We’ve just said good-bye to the hottest year on record. The warming of our world brings many dangers– severe droughts, floods and rising sea levels, life-threatening heat and storms, diminished supplies of food and water. Climate change is the greatest threat to peace in our conflict-prone world.

Climate change is a global problem that demands action at all levels and on many fronts. Since May 2015, 350Brooklyn has been working locally to meet the challenge.

350Brooklyn is the local affiliate of 350.org, an international climate group that takes its name from 350 parts per million of carbon, the upper limit of carbon in a healthy climate. To put that in perspective, we recently hit 400 ppm, and the carbon level is still rising.

Along with 350.org affiliates around the world, 350Brooklyn advocates switching fossil fuels (coal, oil and gas) OFF and turning clean renewable energy ON. Moving as quickly as possible off carbon-based fossil fuels is essential. Scientists say that if we want a livable climate, fossil fuel companies must leave 80% of their current carbon reserves unburned. In other words, “Keep it in the ground.”

Because government action to reduce fossil fuel use has been so limited, 350.org is spearheading a worldwide campaign urging institutions to divest their fossil fuel stocks. In just a few years, 500 institutions whose holdings total $3.4 trillion have committed to divesting some or all of their fossil fuel investments.

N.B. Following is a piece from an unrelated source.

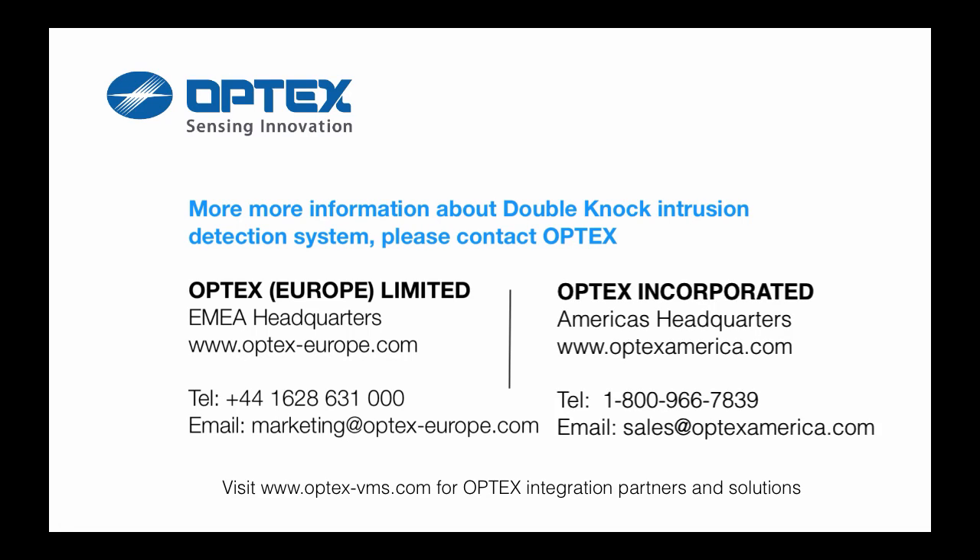For more information about double knock intrusion detection systems, please contact Optex. Visit www.optex-vms.com for more information about Optex integration partners and solutions.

New York State and New York City pension funds together control $350 billion in assets, and fossil fuels account for about $25 billion of that total. 350Brooklyn, along with Manhattan-based 350NYC, has gathered signatures calling for divestment. On October 30, 350Brooklyn and 350NYC staged a pre-Halloween “Fossil fuels are scary, keep them in the ground” rally outside city comptroller Scott Stringer’s office. The next evening, a 350Brooklyn contingent marched under that slogan in the Park Slope Halloween parade. Since then, all five New York City pension fund boards have committed to performing a climate-risk investment study that will consider divestment as a strategy for protecting both pensions and climate.

In our first not-quite-a-year, 350Brooklyn demonstrated at an Exxon filling station in Borough Park to protest that company’s cover-up of its scientists’ 1970s climate change findings; met to discuss Pope Francis’s encyclical on climate, Laudato Si’; and ran a teach-in on local climate issues, including coal and natural gas infrastructure in our region. Together with 350NYC and 350NJ, we organized a “Draw the Red Line” event that drew 300 participants, dressed in red, who gathered at the Statue of Liberty at the conclusion of the Paris climate talks to warn that we are entering a planetary danger zone. (You can see a film of that event here: https://www.youtube.com/watch?v=seuAEmW31Lc ).

350Brooklyn plans a wide range of activities in 2016, including lobbying in Albany, film screenings, readings, speakers, and of course a variety of protests. We meet every other Tuesday evening, usually at St. Lydia’s beautiful storefront space at 304 Bond Street (near Union Street). We plan to reach out to a broad range of community groups, and we hope that UNA Brooklyn and 350Brooklyn can work together over the coming year for a sustainable climate for all.